[Directions for this task] Without the pictures, set down every record below exactly as it reads.

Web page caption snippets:
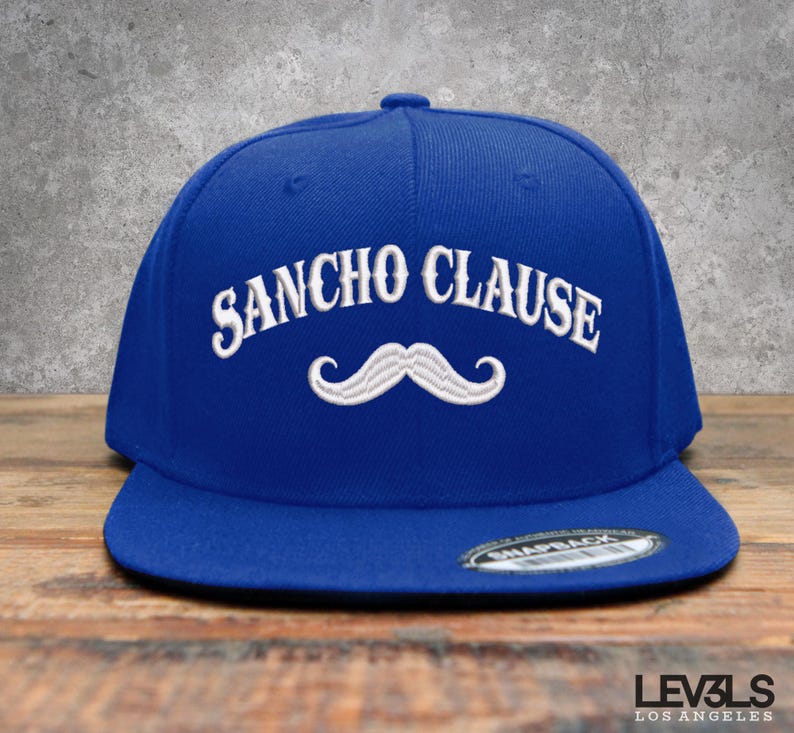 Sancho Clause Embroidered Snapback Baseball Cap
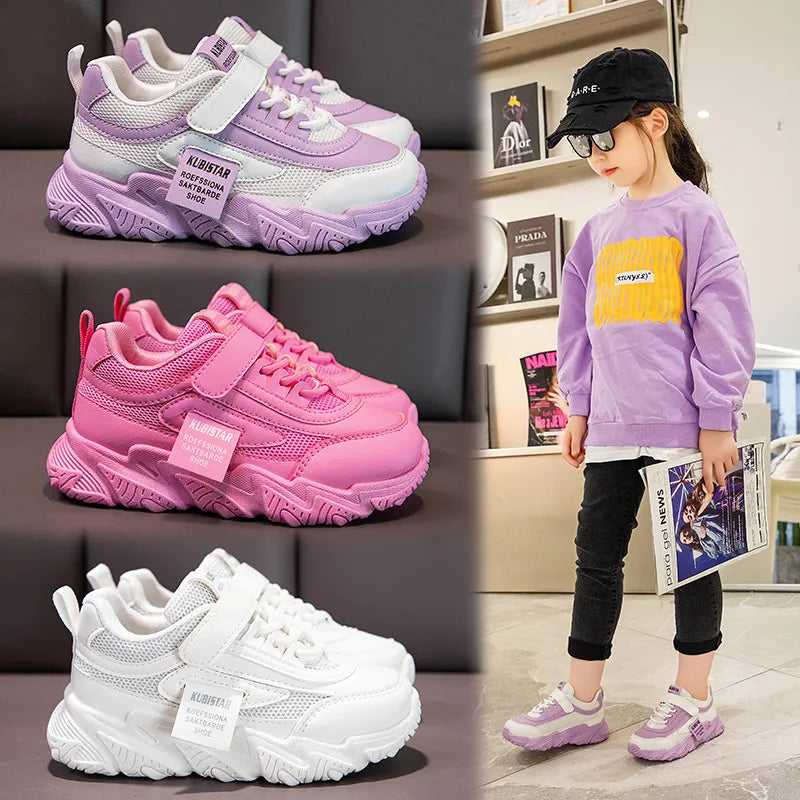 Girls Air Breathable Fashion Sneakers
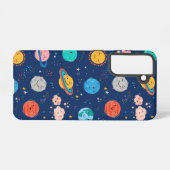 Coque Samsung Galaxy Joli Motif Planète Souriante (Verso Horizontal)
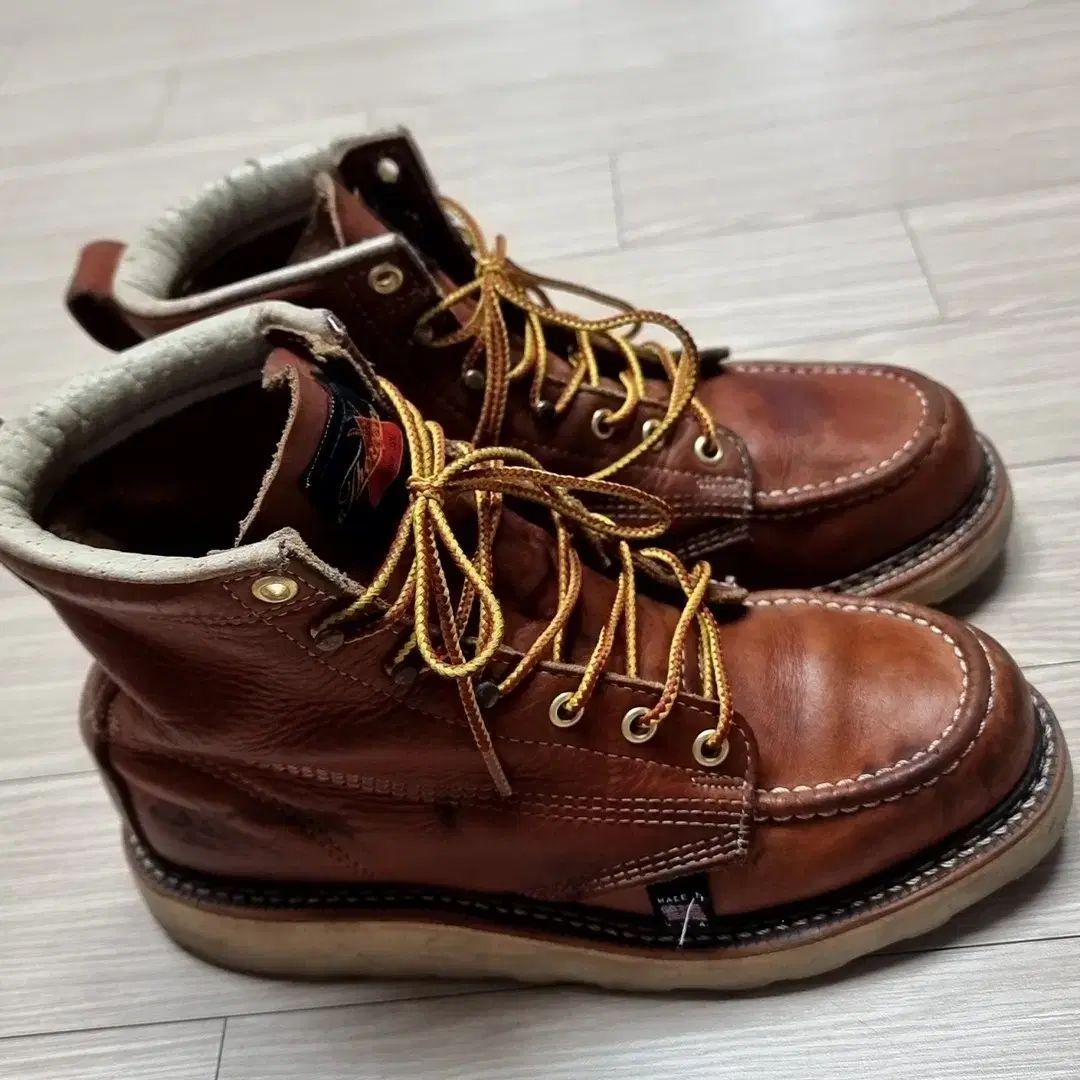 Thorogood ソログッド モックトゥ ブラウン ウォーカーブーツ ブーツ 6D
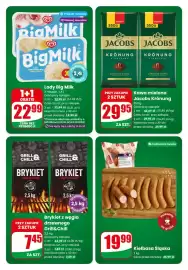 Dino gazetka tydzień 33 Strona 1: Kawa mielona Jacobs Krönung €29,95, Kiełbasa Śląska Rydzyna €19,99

[Reply]
 Sancho Clause Embroidered Snapback Baseball Cap
 Girls Air Breathable Fashion Sneakers
 Coque Samsung Galaxy Joli Motif Planète Souriante (Verso Horizontal)
 Thorogood ソログッド モックトゥ ブラウン ウォーカーブーツ ブーツ 6D
 Dino gazetka tydzień 33 Strona 1: Kawa mielona Jacobs Krönung €29,95, Kiełbasa Śląska Rydzyna €19,99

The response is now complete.